When forming the Red Team, do your best to pull members of your staff who have not been on the Red Team in the past, or at least not recently. Using non-security-team personnel on the Red Team and rotating those personnel regularly can provide an incredible morale boost to your organization because:
It's fun and different from being the defender.
It's a good learning experience.
It keeps people from feeling like being on the Blue Team is a test.
It builds investment in the success of security exercises.
Not everyone on the Red Team needs to be technical. Plenty of exercises can have a social-engineering aspect to them, and those are carried out just as well by non-technical staff from time to time.

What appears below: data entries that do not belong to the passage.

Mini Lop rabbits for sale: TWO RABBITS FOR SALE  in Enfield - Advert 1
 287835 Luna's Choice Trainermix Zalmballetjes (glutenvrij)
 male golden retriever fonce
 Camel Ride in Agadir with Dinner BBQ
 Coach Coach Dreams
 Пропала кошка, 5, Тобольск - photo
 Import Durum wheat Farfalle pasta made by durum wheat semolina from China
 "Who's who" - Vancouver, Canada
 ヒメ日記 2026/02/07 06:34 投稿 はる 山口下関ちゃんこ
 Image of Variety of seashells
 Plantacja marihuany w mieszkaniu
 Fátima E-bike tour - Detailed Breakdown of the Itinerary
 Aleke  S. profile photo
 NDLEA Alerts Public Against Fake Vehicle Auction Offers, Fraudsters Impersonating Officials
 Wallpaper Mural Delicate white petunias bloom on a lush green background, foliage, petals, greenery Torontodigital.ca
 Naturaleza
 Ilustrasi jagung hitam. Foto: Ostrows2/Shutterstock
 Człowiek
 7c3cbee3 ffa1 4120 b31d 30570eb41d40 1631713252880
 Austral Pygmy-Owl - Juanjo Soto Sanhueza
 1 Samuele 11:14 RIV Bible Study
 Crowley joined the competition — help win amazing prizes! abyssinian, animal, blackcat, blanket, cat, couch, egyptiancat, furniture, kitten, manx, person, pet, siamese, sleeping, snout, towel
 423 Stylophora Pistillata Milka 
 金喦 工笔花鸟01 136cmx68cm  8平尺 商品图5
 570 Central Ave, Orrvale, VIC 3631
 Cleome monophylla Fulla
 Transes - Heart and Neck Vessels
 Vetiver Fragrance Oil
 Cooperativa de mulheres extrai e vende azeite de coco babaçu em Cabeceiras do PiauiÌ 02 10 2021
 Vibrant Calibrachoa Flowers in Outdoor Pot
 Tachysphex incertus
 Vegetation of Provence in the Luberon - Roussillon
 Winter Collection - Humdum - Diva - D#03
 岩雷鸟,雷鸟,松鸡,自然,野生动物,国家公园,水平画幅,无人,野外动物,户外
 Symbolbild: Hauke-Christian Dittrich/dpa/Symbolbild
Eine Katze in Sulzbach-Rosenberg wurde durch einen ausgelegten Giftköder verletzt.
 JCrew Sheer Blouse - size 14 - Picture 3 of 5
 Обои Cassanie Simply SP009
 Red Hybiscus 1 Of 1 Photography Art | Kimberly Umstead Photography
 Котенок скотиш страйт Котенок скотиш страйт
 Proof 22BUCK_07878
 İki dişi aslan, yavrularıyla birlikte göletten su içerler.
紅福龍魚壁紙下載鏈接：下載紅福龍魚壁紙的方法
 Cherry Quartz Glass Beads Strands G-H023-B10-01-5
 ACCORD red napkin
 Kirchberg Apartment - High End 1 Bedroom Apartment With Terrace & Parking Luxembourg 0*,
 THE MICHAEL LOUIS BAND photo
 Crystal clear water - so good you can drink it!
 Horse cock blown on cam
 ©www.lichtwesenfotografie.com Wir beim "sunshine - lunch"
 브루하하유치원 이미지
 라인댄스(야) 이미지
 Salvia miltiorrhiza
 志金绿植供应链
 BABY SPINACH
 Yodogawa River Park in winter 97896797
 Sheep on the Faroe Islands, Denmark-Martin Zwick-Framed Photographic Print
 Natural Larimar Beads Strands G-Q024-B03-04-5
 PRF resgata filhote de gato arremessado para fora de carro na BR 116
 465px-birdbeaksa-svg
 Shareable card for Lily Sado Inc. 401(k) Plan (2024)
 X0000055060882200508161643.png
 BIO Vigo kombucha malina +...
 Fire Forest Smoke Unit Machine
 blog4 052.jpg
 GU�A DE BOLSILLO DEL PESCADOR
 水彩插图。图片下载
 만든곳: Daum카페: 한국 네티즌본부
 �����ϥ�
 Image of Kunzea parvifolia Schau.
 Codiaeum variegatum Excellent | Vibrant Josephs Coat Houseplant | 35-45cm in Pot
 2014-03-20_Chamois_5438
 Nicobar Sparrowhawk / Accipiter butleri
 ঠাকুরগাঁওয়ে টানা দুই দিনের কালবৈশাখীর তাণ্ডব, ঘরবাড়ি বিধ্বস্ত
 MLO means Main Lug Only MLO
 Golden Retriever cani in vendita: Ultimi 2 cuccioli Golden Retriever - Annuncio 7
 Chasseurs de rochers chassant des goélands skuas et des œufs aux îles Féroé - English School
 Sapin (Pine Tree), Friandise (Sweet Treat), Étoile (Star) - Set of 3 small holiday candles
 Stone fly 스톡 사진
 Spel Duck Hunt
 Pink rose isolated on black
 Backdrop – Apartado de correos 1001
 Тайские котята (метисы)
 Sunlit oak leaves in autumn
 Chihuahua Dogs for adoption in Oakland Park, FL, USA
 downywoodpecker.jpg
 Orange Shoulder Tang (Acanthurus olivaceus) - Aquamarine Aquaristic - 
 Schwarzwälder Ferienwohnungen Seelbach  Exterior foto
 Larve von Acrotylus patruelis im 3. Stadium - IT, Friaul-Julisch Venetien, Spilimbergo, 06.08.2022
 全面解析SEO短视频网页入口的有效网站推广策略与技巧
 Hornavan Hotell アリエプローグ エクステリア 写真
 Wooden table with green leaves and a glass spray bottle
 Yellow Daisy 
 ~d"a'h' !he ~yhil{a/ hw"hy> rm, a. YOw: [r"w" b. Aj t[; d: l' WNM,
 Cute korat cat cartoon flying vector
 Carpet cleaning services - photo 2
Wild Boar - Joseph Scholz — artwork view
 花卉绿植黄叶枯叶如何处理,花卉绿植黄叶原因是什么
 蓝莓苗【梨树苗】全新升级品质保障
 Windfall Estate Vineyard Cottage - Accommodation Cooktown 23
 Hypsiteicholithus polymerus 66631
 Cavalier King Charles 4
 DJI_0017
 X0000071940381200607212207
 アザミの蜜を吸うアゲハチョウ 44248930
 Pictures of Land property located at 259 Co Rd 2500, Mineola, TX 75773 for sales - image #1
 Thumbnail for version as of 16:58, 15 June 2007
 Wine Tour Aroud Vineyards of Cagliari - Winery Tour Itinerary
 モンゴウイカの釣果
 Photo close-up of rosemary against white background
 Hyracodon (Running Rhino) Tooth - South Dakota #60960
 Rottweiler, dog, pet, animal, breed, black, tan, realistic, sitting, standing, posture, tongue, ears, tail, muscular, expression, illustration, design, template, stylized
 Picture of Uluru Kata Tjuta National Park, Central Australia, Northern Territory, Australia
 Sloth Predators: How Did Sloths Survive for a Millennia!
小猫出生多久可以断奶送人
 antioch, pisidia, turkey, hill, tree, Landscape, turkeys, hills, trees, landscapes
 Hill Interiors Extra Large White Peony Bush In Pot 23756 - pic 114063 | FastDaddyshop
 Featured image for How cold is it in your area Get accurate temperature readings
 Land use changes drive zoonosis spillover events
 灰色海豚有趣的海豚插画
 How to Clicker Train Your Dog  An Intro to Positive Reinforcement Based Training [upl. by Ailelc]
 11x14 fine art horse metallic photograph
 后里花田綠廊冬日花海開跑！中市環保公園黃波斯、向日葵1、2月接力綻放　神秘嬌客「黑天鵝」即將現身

Give the red team plenty of preparation time, but urge them to keep the nature of the planned exercise a secret. Most white-hats who don't do security full time (and many who do!) don't have much experience carrying out mischief, so they'll need time to familiarize themselves with tools and test techniques. This becomes faster and more lightweight the longer your organization does security exercises, because once you are practiced, there likely will be one experienced Red Team member participating in each exercise to help the less-experienced ones.
Not all exercises need a White Team. However, if any part of the exercise is hypothetical rather than happening live, a White Team is necessary to answer any questions not explained in the hypothetical. The White Team may have to improvise, if it's asked something the exercise designer did not expect!
White Team members often play bit parts in the exercise as well, representing entities outside the project, such as frustrated users or curious reporters.
The Blue Team is everyone not explicitly placed on the White or Red Team and not explicitly excluded from the exercise. The Blue Team is generally responsible for reacting to the simulated security incident as it would to a real one. The main differences will be that, unless you have a partner organization that participates in your security exercises, any outside communication that would happen in a real incident is directed instead at the White Team during exercises.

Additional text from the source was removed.